Feminine Markers (continued)

 

2. Extended 'alif

 

-aa'<

ـَاْء

 

 

The second feminine marker in Arabic singular nouns is a terminal weak 'alif (a long A vowel -aa ـَاْ ) followed by a consonant 'alif or hamza(t) (a glottal stop ء).

 

This ending is called an "extended 'alif" الأَلِفُ الْمَمْدُوْدَةُ because the presence of the final hamza(t) allows for the long A to be fully pronounced rather than shortened. Nouns that end with an extended 'alif are called "extended nouns."

 

As far as I can guess, the -aa'< ـاء  is altered from the following original form:

 

 -aa(t)

ـَاْة

 

-aat  -aah  -aa'<

 

The ending -aa(t) is the alternative version in Classical Arabic of the standard feminine plural ending -aat ـَاْت , and it can also appear suffixed in irregular plural stems. The evolution of this marker seems to me quite similar to that of the tied taa'< -a(t) as they are probably cognates.

 

Anyway, being a "marker" means that the ـاء is suffixed to stems, so it is composed of "additional letters" but not any "original letters" (i.e. not any letters that belong to the root of the word).

 

Since that true nouns in Arabic must have a minimum of three original letters, the ـا must be fourth letter or beyond in a noun (i.e. the noun has five letters or more) in order for the two letters of the ـاء to be additional (and thus a feminine marker). If the ـا is third letter, then one of the two letters of the ـاء (the ء) would have to be an original letter.

 

However, this does not mean that if the ـا is fourth letter or beyond the ـاء will be always an additional feminine marker. This is because derived nouns, including ones with five letters or more, commonly end with ـاء that is not a feminine marker and which has a totally different origin.

 

Derived nouns, or verbids, are nouns that are derived from verbs (particularly perfective verbs). Most nouns in Arabic are derived nouns.
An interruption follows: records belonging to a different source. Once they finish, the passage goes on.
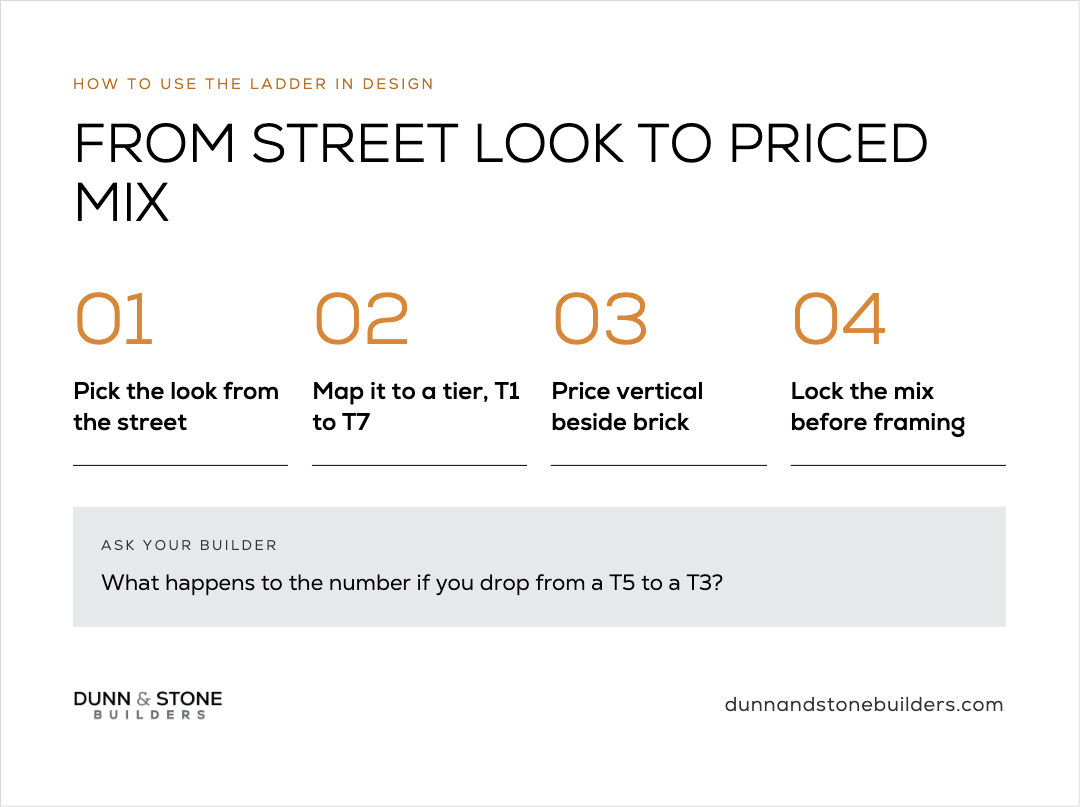 Four steps from street look to priced mix: pick the look from the street, map it to a tier from T1 to T7, price vertical beside brick, and lock the mix before framing, plus a question to ask your builder about what happens to the number if you drop from a T5 to a T3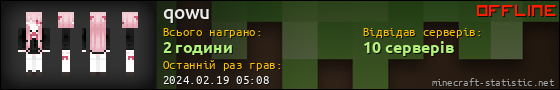 Юзербар 560x90 для qowu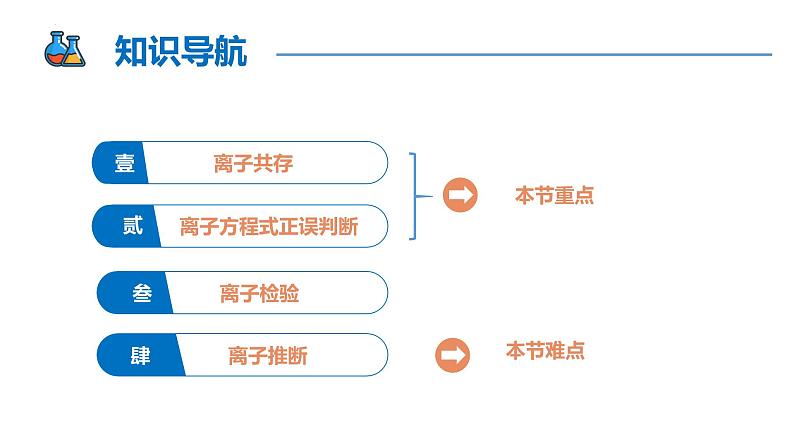 【同步课件】1.2.3 离子反应的应用高一化学同步备课（人教版2019必修第一册）02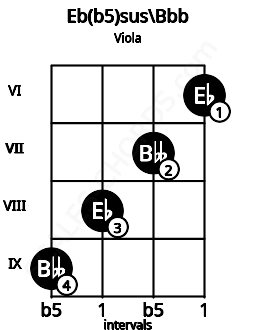 Fretboard image for the Eb(b5)sus\Bbb chord on viola frets: 9 8 7 6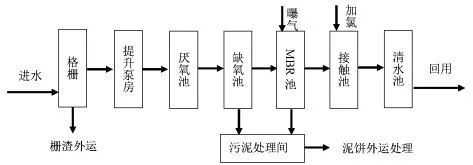 澄海污水处理厂_澄阳污水处理厂_澄清污水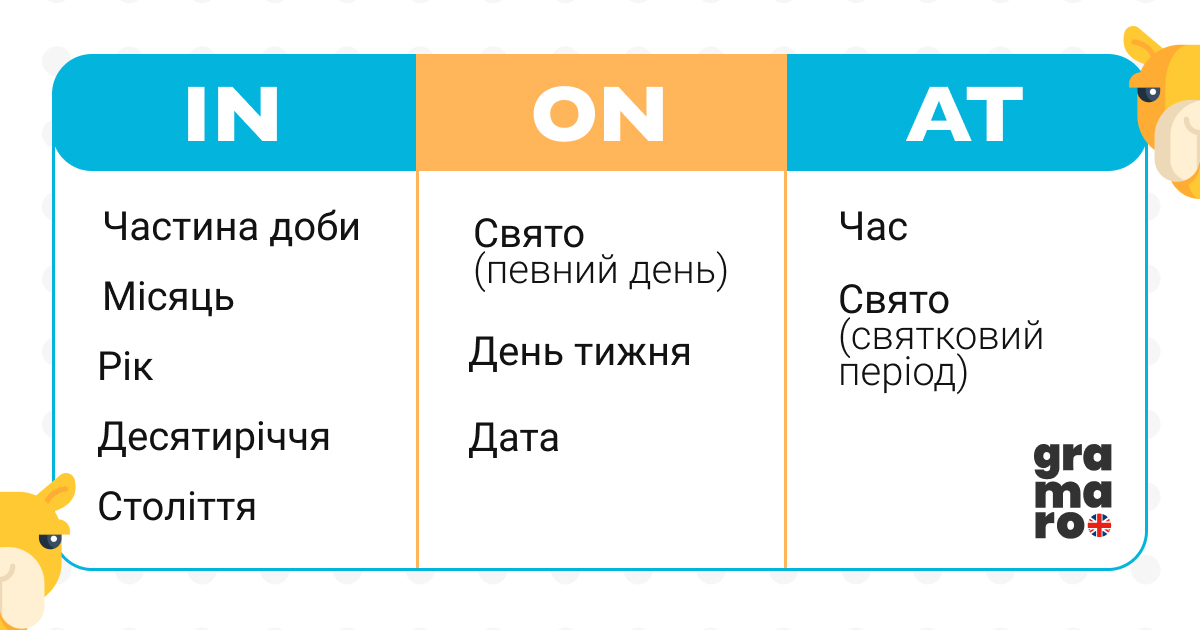 Який прийменник часу використати?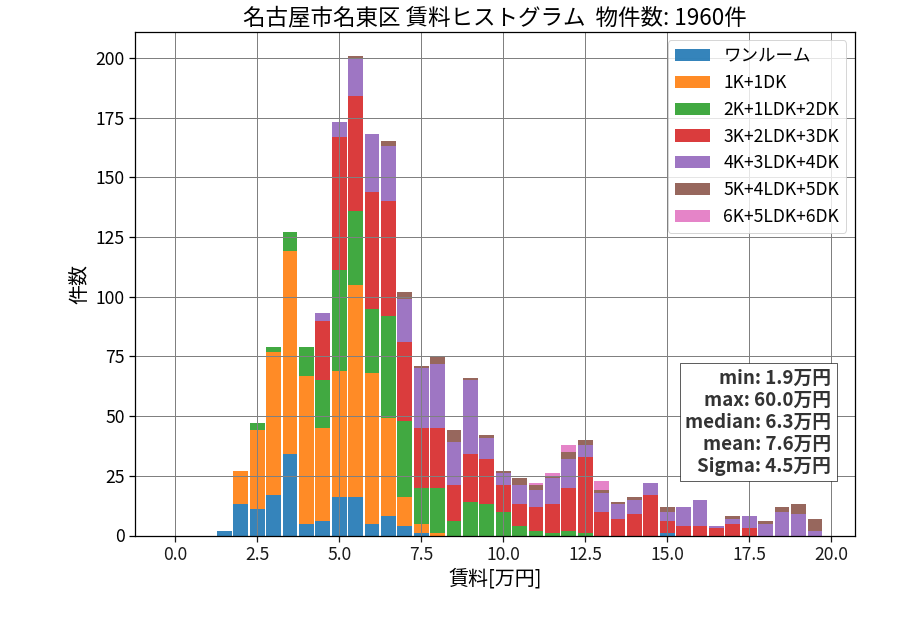 ward_meito-ku_hist_mado_S05.png
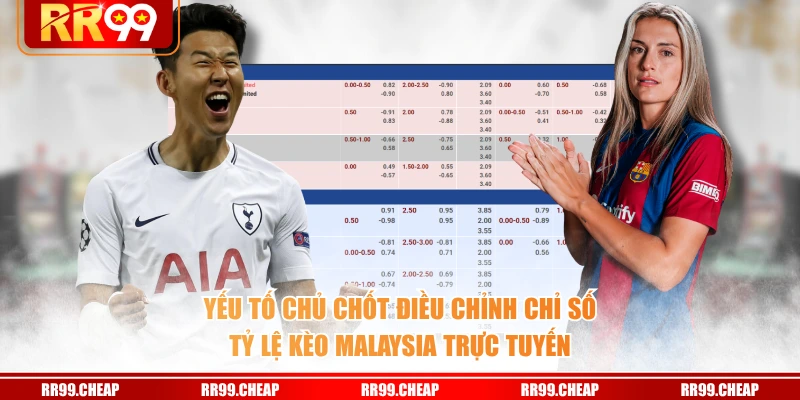 Yếu tố chủ chốt điều chỉnh chỉ số tỷ lệ kèo Malaysia trực tuyến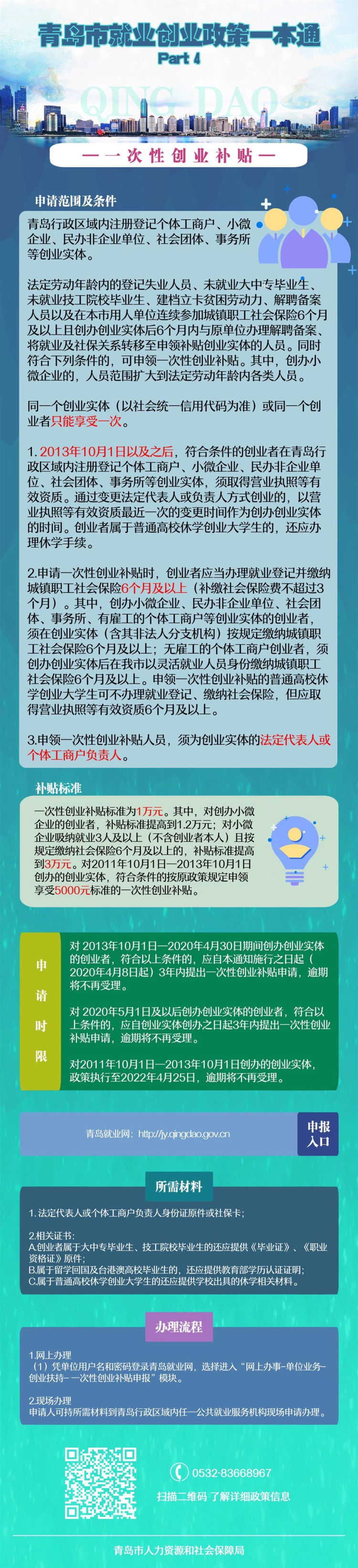  政策■青岛就业政策一本通发布 34项政策一次看明白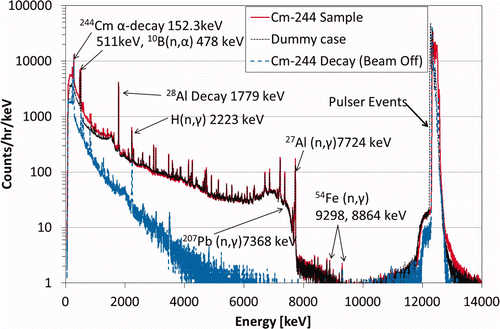 Figure 3. γ-ray pulse-height spectra from the 244Cm sample with neutron beam (red solid line), the dummy case (black dotted line), and a decay γ-ray pulse-height spectrum from the 244Cm sample without neutron beam (blue dashed line) measured with one of the crystals.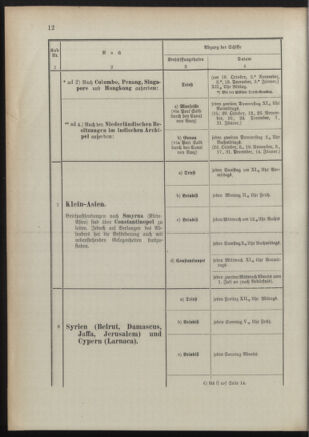 Post- und Telegraphen-Verordnungsblatt für das Verwaltungsgebiet des K.-K. Handelsministeriums 18911022 Seite: 16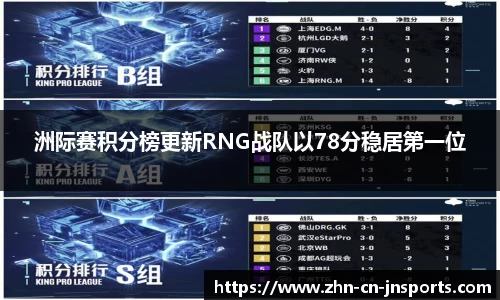 洲际赛积分榜更新RNG战队以78分稳居第一位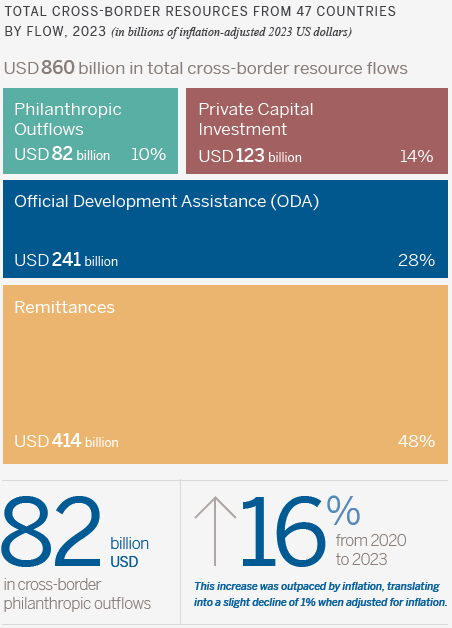 IUPhilanthropy tweet picture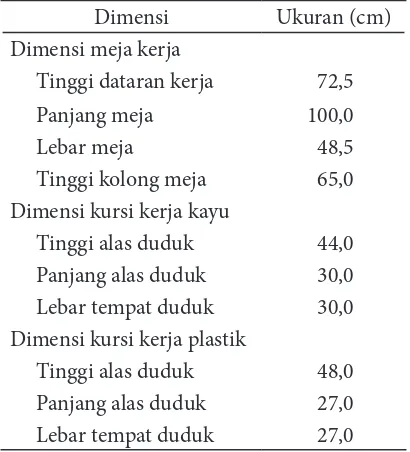 Tabel  1. Distribusi Sampel Berdasarkan Usia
Derived nouns are several classes (verbal nouns, participles, agent nouns, time and place nouns, and tool nouns) and each class has its standard patterns or structures in which roots can be plugged.

 

Some of the derived noun structures, particularly those of verbal nouns, emphatic active participles, and tool nouns commonly have the following ending:

 

Common Ending of Verbal Nouns

(Case-ending removed)

-aal

ـَاْل

Where l is a variable final root-letter, and the aa is fixed and additional.

 

The problem arises when the final root letter is hamza(t), because the ending will look just like the feminine marker -aa'< although it is not one.

 

A similar problem arises when the final root letter is a weak letter (w or y). In such case, the final weak letter is always turned to hamza(t) in Arabic:

-aaW  -aa'<

 -aaY  -aa'<

 

These endings look like the feminine marker -aa'<, but they are not feminine markers.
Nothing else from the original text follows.